La nascita e la successiva espansione di questo cimitero ipogeo sono correlate al martirio della giovane Agnese, qui sepolta, e risalgono agli inizi del III secolo d.C. La santa fu forse vittima della persecuzione di Decio nel 250 d.C. o di Valeriano nel 257 d.C., o di quella più tarda dell’epoca di Diocleziano nel 304 d.C. Attestato nei documenti più antichi riguardanti i martiri romani, il suo culto fu uno dei più diffusi nella Roma dei primi secoli dell’era cristiana.
Il corpo della martire fu sepolto in una galleria al primo piano di un preesistente cimitero cristiano, articolato in varie regioni e disposto su tre livelli, scavato sul fianco di una collina lungo la via Nomentana. Nella zona sorgevano anche numerose sepolture pagane, di dimensioni sia modeste che monumentali, risalenti al I e II secolo d.C. La necropoli pagana fu distrutta quando l’imperatore Costantino fece costruire, in quest’area, una grande basilica – della quale rimangono oggi poche strutture – alla quale fu annesso il Mausoleo di Santa Costanza, uno dei monumenti più importanti dell’architettura tardo-antica.

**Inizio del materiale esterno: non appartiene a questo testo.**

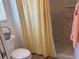 Cozy bathroom with a toilet, shower with a yellow curtain, and a small window at 2595 Edenville Path, The Villages, FL 32162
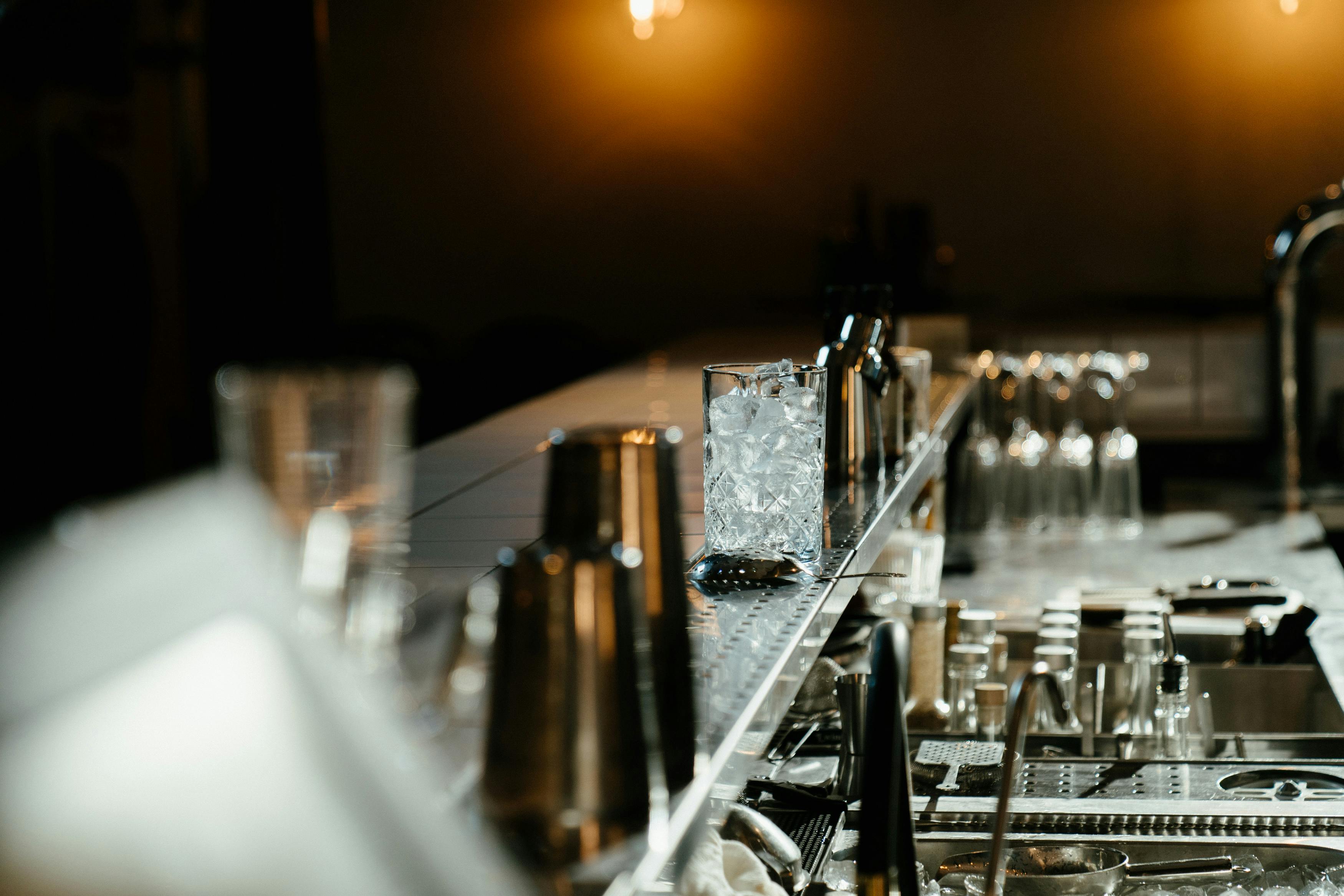Glas mit Eis steht auf einer Bar, umgeben von Gläsern.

Sul luogo esatto della sepoltura di Agnese, nel V secolo fu invece realizzata una piccola chiesa, completamente rifatta nel VII secolo da papa Onorio che la trasformò nell’attuale basilica semi-interrata: il suo altare ingloba la tomba della martire mentre un meraviglioso mosaico con Agnese tra i papi Onorio e Simmaco su sfondo dorato ne decora l’abside. Sulle pareti del monumentale scalone che conduce alla chiesa sono conservate due tra le più antiche testimonianze del culto della santa, risalenti al IV secolo: una lastra marmorea con la raffigurazione della martire e un’iscrizione di papa Damaso, scoperta nel 1728.
Anche se prive di decorazioni pittoriche, le catacombe hanno restituito un gran numero di iscrizioni, graffiti e oggetti di uso funerario, per esempio un monogramma costantiniano decorato con smalti o l’epitaffio dell’alumna Sabina che volle essere sepolta sopra la tomba del genitore adottivo.